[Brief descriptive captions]
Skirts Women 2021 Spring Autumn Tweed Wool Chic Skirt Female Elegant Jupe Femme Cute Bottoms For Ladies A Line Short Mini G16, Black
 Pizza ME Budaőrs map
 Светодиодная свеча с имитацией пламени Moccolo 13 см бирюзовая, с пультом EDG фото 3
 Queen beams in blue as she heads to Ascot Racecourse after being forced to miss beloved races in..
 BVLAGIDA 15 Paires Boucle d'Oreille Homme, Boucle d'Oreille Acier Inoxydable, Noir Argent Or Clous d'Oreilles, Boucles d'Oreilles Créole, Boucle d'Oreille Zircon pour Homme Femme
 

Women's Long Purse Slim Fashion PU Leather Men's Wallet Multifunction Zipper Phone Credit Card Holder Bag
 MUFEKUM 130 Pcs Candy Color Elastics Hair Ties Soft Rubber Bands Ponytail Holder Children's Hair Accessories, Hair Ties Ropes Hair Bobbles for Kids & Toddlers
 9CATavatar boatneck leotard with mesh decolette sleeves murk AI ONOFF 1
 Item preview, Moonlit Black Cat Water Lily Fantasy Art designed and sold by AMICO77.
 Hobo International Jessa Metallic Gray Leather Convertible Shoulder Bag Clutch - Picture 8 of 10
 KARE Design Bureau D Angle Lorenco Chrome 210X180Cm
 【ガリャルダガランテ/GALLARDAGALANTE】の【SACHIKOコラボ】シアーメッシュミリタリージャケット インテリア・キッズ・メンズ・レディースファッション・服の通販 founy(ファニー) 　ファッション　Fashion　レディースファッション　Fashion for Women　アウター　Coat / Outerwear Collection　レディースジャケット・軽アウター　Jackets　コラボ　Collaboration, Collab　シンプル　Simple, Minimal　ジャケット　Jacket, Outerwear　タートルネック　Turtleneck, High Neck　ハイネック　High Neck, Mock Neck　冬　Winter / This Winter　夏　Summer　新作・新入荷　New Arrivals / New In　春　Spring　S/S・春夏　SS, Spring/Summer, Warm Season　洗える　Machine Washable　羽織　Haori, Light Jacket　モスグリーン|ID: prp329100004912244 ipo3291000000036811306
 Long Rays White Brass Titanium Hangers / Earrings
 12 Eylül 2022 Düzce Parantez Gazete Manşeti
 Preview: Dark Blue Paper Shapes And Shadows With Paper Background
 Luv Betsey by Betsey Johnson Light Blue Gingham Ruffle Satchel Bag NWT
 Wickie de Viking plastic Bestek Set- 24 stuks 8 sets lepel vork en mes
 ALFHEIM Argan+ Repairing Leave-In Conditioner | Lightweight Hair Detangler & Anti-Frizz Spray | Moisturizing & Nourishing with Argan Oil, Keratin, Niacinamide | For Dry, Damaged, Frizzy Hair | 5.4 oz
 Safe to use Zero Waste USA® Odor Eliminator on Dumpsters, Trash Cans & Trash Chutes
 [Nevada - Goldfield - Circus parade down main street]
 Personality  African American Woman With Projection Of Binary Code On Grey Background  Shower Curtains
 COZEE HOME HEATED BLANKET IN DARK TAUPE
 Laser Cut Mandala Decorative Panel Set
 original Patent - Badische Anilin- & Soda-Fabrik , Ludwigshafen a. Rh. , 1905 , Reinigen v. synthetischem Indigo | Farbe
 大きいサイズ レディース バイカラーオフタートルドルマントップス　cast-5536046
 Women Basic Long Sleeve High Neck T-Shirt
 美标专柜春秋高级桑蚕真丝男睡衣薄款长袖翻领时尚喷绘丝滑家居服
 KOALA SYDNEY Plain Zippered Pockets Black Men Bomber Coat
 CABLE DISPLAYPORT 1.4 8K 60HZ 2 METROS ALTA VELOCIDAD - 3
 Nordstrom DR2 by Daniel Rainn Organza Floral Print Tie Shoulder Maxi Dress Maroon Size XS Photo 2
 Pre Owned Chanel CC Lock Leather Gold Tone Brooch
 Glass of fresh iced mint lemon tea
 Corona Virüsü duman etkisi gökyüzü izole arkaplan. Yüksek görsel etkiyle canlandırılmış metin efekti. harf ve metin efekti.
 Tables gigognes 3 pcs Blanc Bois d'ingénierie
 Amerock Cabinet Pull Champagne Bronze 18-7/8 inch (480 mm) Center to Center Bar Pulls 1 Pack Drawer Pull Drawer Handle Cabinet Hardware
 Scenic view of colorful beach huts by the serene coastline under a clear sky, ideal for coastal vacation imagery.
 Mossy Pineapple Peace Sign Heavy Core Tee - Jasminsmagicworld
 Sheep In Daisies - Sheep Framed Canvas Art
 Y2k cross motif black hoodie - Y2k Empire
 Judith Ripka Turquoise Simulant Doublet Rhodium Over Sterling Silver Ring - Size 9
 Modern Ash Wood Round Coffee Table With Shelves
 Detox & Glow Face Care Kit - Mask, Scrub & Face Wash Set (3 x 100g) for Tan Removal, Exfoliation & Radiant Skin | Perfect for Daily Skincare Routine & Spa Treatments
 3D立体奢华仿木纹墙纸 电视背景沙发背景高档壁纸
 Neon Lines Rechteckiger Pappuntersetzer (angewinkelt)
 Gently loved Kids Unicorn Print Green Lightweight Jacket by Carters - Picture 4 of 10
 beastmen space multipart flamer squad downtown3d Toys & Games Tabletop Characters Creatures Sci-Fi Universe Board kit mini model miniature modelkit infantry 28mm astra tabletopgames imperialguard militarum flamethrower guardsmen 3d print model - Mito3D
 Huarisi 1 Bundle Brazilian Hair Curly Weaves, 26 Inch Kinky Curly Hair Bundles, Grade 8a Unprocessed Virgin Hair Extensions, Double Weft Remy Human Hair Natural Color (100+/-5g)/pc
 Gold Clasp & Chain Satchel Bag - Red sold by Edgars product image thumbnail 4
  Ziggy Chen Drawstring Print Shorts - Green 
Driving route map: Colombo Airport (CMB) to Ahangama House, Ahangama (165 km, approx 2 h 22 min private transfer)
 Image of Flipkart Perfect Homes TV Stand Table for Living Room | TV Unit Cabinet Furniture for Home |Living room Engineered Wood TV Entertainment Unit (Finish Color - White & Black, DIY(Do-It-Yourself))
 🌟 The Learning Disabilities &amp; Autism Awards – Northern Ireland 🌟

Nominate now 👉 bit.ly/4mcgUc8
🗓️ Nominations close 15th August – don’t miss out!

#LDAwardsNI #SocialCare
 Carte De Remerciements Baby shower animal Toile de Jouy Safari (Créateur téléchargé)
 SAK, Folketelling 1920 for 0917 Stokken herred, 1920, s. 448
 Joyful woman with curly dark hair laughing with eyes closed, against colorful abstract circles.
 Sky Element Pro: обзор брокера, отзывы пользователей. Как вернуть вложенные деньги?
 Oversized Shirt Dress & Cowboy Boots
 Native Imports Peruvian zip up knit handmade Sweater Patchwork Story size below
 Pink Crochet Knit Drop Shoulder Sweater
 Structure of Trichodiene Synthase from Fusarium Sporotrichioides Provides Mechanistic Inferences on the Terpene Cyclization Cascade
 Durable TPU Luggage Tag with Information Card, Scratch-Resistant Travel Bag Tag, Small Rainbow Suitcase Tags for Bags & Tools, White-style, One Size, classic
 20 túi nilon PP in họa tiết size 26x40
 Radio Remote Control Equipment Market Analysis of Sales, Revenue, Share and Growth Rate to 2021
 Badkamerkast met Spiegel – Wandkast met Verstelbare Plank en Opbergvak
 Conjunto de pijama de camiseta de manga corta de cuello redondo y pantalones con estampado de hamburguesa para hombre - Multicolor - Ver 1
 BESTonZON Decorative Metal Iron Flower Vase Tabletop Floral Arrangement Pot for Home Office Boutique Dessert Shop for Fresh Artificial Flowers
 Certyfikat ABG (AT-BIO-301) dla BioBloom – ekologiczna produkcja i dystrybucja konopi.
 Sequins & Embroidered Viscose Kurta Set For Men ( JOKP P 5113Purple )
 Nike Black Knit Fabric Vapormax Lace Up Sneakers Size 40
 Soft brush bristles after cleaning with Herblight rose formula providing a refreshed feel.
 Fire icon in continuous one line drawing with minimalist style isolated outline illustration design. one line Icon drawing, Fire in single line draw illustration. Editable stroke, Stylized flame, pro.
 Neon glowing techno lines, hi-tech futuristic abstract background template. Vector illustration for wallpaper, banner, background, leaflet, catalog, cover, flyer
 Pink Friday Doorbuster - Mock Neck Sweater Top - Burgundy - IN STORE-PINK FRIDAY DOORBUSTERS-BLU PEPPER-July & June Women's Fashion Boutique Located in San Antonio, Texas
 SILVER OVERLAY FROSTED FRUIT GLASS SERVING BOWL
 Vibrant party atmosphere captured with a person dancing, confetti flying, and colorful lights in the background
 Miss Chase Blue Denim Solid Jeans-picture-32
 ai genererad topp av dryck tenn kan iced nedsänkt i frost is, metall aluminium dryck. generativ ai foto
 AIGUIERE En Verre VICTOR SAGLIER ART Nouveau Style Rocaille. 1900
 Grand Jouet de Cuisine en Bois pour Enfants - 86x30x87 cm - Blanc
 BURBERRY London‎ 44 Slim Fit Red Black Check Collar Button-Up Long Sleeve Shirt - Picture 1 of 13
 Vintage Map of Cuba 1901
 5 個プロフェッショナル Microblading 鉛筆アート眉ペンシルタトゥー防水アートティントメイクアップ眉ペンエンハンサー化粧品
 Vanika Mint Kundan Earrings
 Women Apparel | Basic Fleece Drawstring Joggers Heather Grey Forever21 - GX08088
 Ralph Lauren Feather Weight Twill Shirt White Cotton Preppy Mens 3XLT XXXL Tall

## WORK TO COMPLETE
Please transcribe exactly the lines above from the line that has "Long Rays White" up to and including the line that has "Luv Betsey by"; no other line belongs in the answer.

## PROBLEM SOLUTION
 Long Rays White Brass Titanium Hangers / Earrings
 12 Eylül 2022 Düzce Parantez Gazete Manşeti
 Preview: Dark Blue Paper Shapes And Shadows With Paper Background
 Luv Betsey by Betsey Johnson Light Blue Gingham Ruffle Satchel Bag NWT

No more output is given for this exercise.